Face à cet état de choses, c’est bien volontiers que j’exprime ma satisfaction de ce que les Nations Unies se soient proposées à nouveau d’affronter le problème du désarmement, et je suis reconnaissant de la possibilité qui m’est courtoisement offerte de vous adresser la parole à cette occasion.

Bien qu’il ne soit pas membre de votre Organisation, le Saint-Siège a auprès d’elle, depuis un certain temps, sa propre Mission permanente d’observation qui lui permet d’en suivre jour après jour les activités. Personne n’ignore combien mes Prédécesseurs appréciaient vos travaux. J’ai moi-même eu l’occasion, notamment lors de ma visite au siège de l’ONU, de faire miennes leurs paroles d’estime à l’égard de votre Organisation. Comme eux, j’en comprends les difficultés et, tout en exprimant le vœu que ses efforts soient récompensés par des résultats plus importants et meilleurs, je reconnais son rôle précieux et irremplaçable pour assurer au monde un avenir plus serein et plus pacifique.

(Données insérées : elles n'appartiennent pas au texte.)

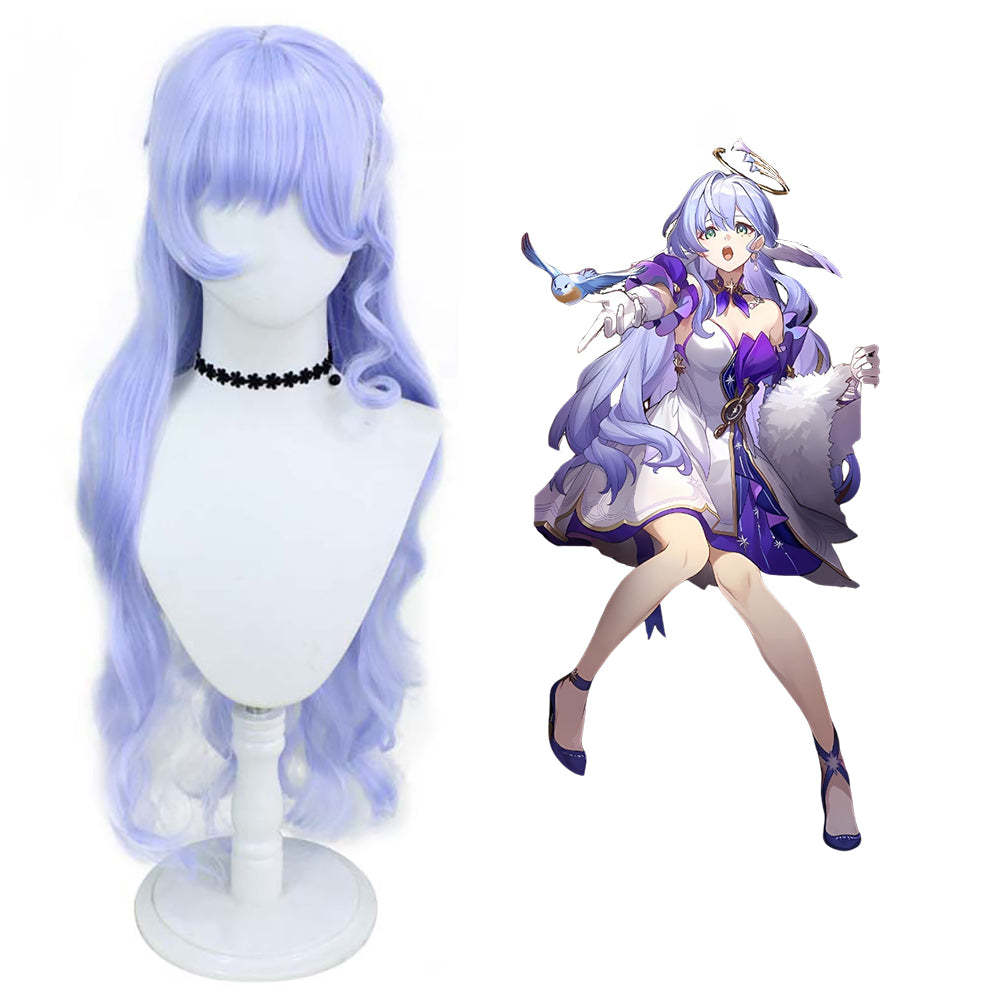 Honkai: Star Rail Robin Purple Cosplay Wig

C’est la voix de quelqu’un qui n’a pas d’intérêts, ni de pouvoirs politiques et encore moins de force militaire, que celle que votre courtoisie me consent de faire à nouveau résonner dans cette aula. Ici, où convergent pratiquement celles de toutes les nations, grandes et petites, ma parole porte en elle l’écho de la conscience morale de l’humanité à l’état pur, si vous me passez l’expression. Elle n’est pas accompagnée de préoccupations ou d’intérêts d’une autre nature, qui pourraient en voiler le témoignage et le rendre moins crédible.

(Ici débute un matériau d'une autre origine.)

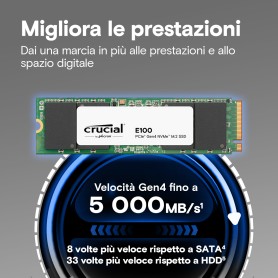 M.2 2TB Crucial E100 Gen4 2280 NVMe PCIe M.2 (CT2000E100SSD8)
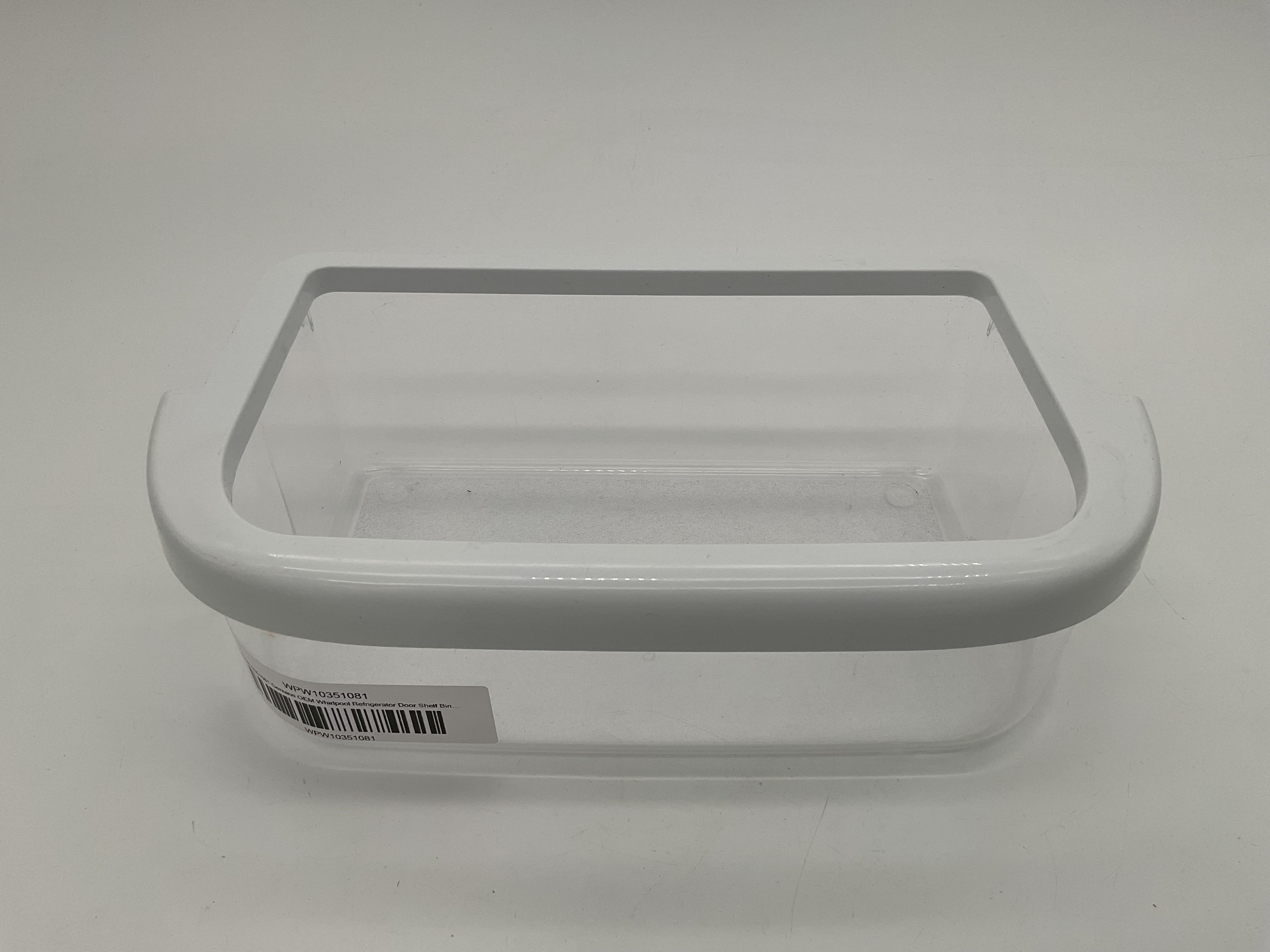WPW10351081 Genuine OEM Whirlpool Refrigerator Door Shelf Bin 12849103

Une conscience illuminée et guidée par la foi chrétienne, sans doute, mais qui n’en est pas pour autant moins profondement humaine, bien au contraire. C’est donc une conscience commune à tous les hommes de bonne et sincère volonté.

Ma voix se fait l’écho des angoisses, des aspirations, des espoirs et des craintes de milliards d’hommes et de femmes qui, de toutes les latitudes, regardent vers votre Assemblée en se demandant s’il en surgira, comme ils l’espèrent, quelque lumière rassurante, ou bien une nouvelle et préoccupante déception. Sans en avoir reçu de tous le mandat, je crois pouvoir me faire l’interprète fidèle auprès de vous de ces sentiments qui sont les leurs.

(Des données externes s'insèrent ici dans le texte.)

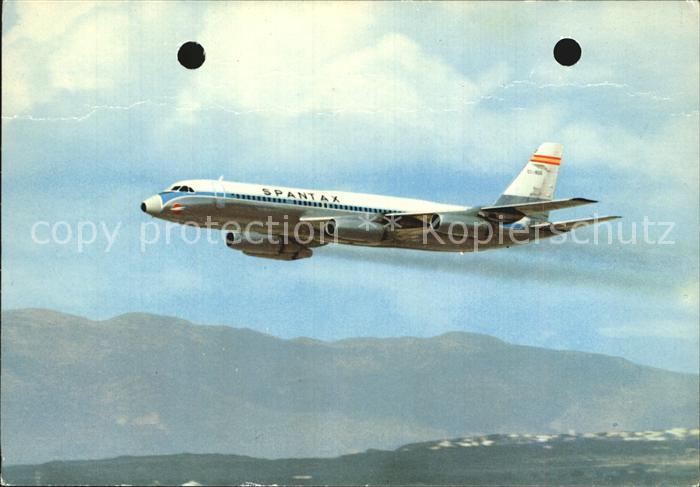 Flugzeuge Zivil Spantax Convair CV 990 A Coronado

Je ne veux ni ne puis entrer dans les aspects politiques et techniques du problème du désarmement tel qu’il se présente aujourd’hui, mais je me permettrai d’attirer votre attention sur quelques principes éthiques qui sont à la base de toute discussion et de toute décision souhaitable en ce domaine.

2. Mon point de départ s’enracine dans une constatation unanimement admise non seulement par vos peuples, mais aussi par les gouvernements que vous présidez ou représentez: le monde désire la paix, le monde a besoin de la paix.

De nos jours, refuser la paix ne signifie pas seulement provoquer les souffrances et les pertes que comporte - aujourd’hui plus que par le passé - une guerre, même limitée, cela pourrait entraîner également la totale destruction de régions entières, avec la menace possible ou probable de catastrophes aux proportions plus vastes encore, voir même universelles.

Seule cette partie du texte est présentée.